What the task requires = Reproduce the listing exactly, so that no line differs from the original.

Exercise data =
++++++++

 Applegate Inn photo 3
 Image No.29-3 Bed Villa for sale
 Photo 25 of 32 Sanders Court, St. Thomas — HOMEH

++++++++

Output for this task =
 Applegate Inn photo 3
 Image No.29-3 Bed Villa for sale
 Photo 25 of 32 Sanders Court, St. Thomas — HOMEH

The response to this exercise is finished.